We then ended up in Patzcuaro, the heart of Michoacan. Wow, what a beautiful city. We stayed in the truck right on the main square that was surrounded by colonial buildings and large trees with fountains in the center of the plaza. Since we were not paying for camping, we decided to go out for dinner. In another smaller square a block away, we found all of the taco stands and cheaper food that we had been looking for. We decided upon a chicken place that looked good. The plates they were serving were huge. We sat down at a table that was part of the preparation area and waited for our food, they were very busy. While we waited, I noticed the cook ladle a large spatula full of lard from a nearby five gallon bucket. Yikes. Then a small boy about five years or so tapped me on the shoulder. He was wearing a shirt with Mickey mouse on it and the word “Mickey” printed along the top. I turned around and he forcefully stuck his hand out and said, “Money” in English. I was a little startled by his brazenness and I replied, “No tengo” (I don’t have any) Obviously, he was prepared for this answer an he replied a little too knowingly and quickly “Si, tu tienes” (Yes you do) with a cute little smile. Yikes again. I chose to ignore instead and he went away. After dinner, we did find him and give him our leftover chicken, which he gladly accepted without hesitation.
We were a little cold up in the mountains:) We might have to head back to the beach soon to warm up again.

Lyndi and Ozzie

Tuesday, January 13, 2009

Visitamos el Doctor

Well, the visit to the doctor was successful in many ways. First, the son of the owner of the campground, Estaban Chico, drove us to his uncle’s house where he has his private office and practice. We all went into the examination room together and the doctor proceeded to ask Ozzie questions about his ailments. Estaban Chico, the son tried to translate some but, Ozzie and I understood a lot of what he said in Spanish. Then, once he determined that Ozzie had bronchitis, he had him breath in some medicine through a vaporizer. Not a common practice in the US, but seemed to help with Ozzie’s coughing. While we were waiting for Ozzie to breath, the doctor seemed genuinely interested in what we were doing and where we had visited in Colima.

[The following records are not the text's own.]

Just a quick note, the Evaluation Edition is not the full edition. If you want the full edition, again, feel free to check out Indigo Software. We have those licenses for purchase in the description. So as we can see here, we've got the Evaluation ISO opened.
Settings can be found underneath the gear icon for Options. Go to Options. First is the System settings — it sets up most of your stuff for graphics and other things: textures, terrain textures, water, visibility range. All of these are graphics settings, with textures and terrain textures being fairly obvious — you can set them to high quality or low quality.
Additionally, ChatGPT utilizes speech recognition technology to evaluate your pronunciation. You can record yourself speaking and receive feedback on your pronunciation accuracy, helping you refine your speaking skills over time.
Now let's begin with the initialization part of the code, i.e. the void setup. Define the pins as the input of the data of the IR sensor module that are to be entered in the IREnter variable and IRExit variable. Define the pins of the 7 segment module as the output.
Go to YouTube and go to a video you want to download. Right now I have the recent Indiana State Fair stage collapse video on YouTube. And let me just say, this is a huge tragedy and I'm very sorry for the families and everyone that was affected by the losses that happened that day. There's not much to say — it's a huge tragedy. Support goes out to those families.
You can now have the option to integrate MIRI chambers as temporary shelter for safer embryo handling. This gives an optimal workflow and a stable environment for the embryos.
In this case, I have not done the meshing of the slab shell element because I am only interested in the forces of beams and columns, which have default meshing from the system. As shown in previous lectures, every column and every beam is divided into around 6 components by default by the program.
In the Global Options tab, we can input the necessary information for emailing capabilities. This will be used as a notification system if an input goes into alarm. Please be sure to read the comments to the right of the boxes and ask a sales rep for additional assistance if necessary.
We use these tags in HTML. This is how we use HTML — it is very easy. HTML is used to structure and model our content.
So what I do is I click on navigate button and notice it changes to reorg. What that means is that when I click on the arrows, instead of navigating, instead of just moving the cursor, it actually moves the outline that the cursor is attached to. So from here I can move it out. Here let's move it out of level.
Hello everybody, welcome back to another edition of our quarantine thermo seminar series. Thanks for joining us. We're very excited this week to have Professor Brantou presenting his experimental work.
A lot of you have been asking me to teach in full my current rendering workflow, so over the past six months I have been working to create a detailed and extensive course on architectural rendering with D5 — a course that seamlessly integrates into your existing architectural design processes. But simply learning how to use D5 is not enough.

We politely asked about the rocks that made up one rock wall in his office. They were very old petroglyphs and they had been cemented into the wall of the house about 50 years ago. He became very excited and asked us to come to the back to see the rest of his collection. He had several artifacts in a glass case and he went into another room to bring out a large stone that had been carved into the shape of a baby. These rocks were probably carved out thousands of years ago and this doctor had them in his house. The Grandfather of Estaban Chico had purchased the house along with the artifacts several years ago and it remains in the family. It is located right off of the main square in Central Colima. I joked that he had his own museum in his office. He laughed and said it was a “museo en la sala” All in all the visit cost about 55 dollars and Ozzie received very personal care. The only problem we had was a pesky mosquito that kept biting us while we sat in the office. The doctor was not in a hurry and he seemed very thorough. Also, the mini tour we had of his collection was definitely worth the visit. I did not have my camera with me so I did not get to document our tour. Ozzie is on antibiotics now and hopefully on the mend. He was not happy about going to the doctor at first but realized that it was a good cultural experience for us. Now, we are back at the campground resting and planning on leaving tomorrow.